Una retrospettiva a Roma per il centenario dalla nascita di Giulio Turcato; un focus sulla stagione creativa più intensa di un grande del contemporaneo
La suggestione di tunnel e gallerie; la magia esercitata dal cuore della Terra, un magnete capace di attirare e conquistare, esercitando tutto il mistero della profondità. Ma anche il potere evocativo dell’assoluto; il fascino dello spazio e dell’universo, che ammalia e stordisce.
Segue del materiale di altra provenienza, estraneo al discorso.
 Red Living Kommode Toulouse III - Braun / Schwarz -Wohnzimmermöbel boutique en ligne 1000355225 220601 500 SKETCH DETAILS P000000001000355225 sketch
Gli estremi dell’arte di Giulio Turcato convergono al MACRO, tempio romano del contemporaneo, per una retrospettiva che celebra il centesimo anniversario dalla nascita dell’artista.
La Project Room 1, destinata per definizione ad accogliere le mostre della serie “Omaggi”, dedica un focus intenso sul periodo creativo più stimolante di Turcato: quello compreso tra i primi anni ’50 e la metà dei ’70. Stagione che ha visto maturare in maniera definitiva la concezione di un astrattismo intimo, che supera i limiti vincolanti dell’immagine figurativa per abbracciare l’istintiva potenza del colore e del gesto.
Nessun intento didascalico, rifiuto di qualsiasi forma di arte illustrativa: in mostra il “Comizio” presentato alla Biennale del 1950, lavoro che segna il passo decisivo di Turcato verso un’astrazione matura, consapevole della propria capacità evocativa. In anni di forte impegno da parte degli artisti in politica, Turcato sa dribblare i rischi del dogmatismo: affrontando con uno stile unico e personale anche temi di carattere sociale.
È il caso della serie “Miniere”, suggerita dall’invito del Partito Comunista a visitare e documentare la situazione di alcuni impianti estrattivi. Turcato si lascia catturare dall’idea di profondità, la stessa che negli anni ’70 tornerà, ribaltata, in “Stellare”: nascono paesaggi impossibili, contesti virtuali dominati dall’eco della suggestione. Opere nelle quali immergersi per poi perdersi, trascinati dal vortice dell’immagine.